Leo Bennett war der politische Berater für Richards Wahlkampf. Da es bis zur Wahl noch anderthalb Jahre waren, fungierte Leo bislang nur als Berater und überließ die täglichen Wahlkampfangelegenheiten Richard und Julianna. Ein halbes Jahr vor der Wahl, wenn vermutlich die Hölle losbrach, würde er sich aktiver ins Geschehen einschalten.
„Er ist nicht in der Stadt. Aber er hat mir eine Liste von gemeinnützigen Gruppen gegeben, denen ich mich als Redner anbieten soll.“ Er nahm die Liste aus der Tasche und reichte sie ihr.
Julianna überflog sie, faltete sie wieder zusammen und legte sie in ihr Notizbuch. „Ich fange gleich heute Nachmittag damit an.“
Die Bedienung brachte die Vorspeisen. Sobald sie wieder allein waren, fragte Richard: „Wie war Ihr Wochenende?“
Sie zuckte die Achseln und trank einen Schluck von ihrem Tee. „Okay.“
„Nur okay?“ neckte er. „Keine heiße Verabredung?“
„Keine. Und wie war’s bei Ihnen?“
„Ein weiteres ruhiges Wochenende zu Hause mit Kate und dem Baby.“
Sie fragte mitfühlend: „Kate will sie immer noch nicht in der Obhut eines Babysitters lassen?“
Vor einer Woche hatte er Julianna anvertraut, wie frustriert er über Kates Weigerung war, Emma allein zu lassen. Er war selbst erstaunt darüber gewesen, dass er die profesionelle Ebene verlassen und etwas so Privates mit ihr besprochen hatte. Doch Julianna war großartig gewesen, verständnisvoll und unterstützend.

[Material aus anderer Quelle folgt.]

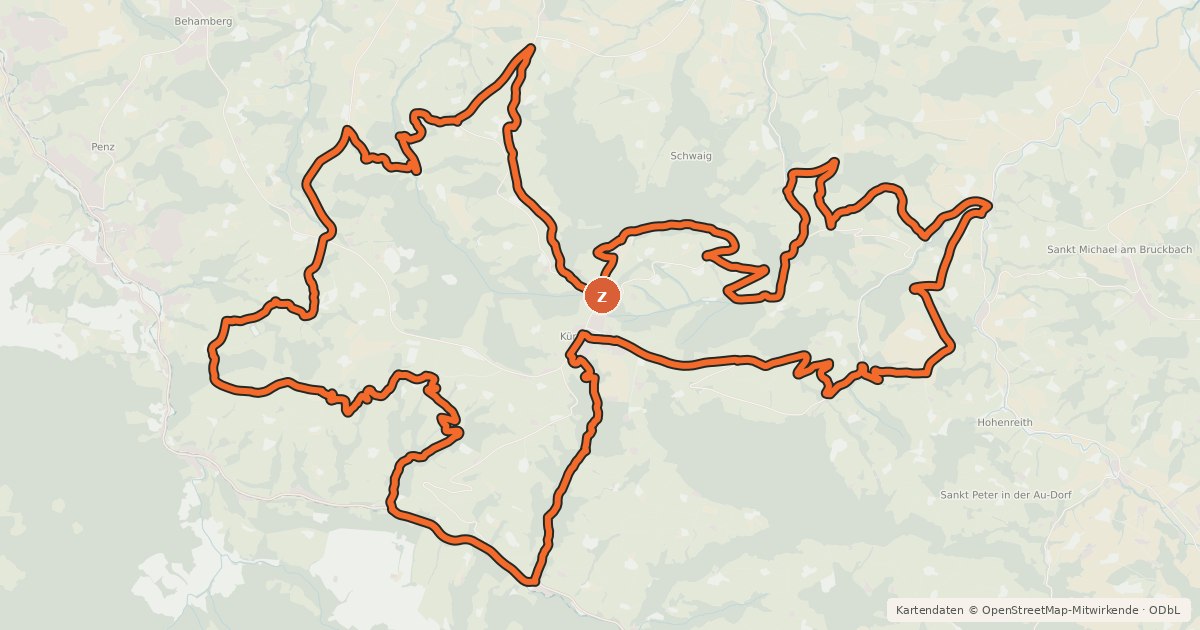 Kartenübersicht der Radroute Kürnberger Panorama-Strecke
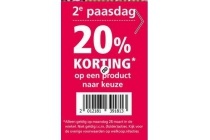 2e paasdag 20 korting op een product naar keuze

Seither hatte er ihr Dutzende anderer Dinge anvertraut, seine Hoffnungen für den Wahlkampf, Sorgen über die Gesundheit der Eltern, Ärger über einen Richter und die unglaubliche Inkompetenz seines Anwaltsgehilfen. Inzwischen freute er sich auf ihre Gespräche. Im Gegensatz zu Kate hatte Julianna immer Zeit für ihn. Sie verstand ihn.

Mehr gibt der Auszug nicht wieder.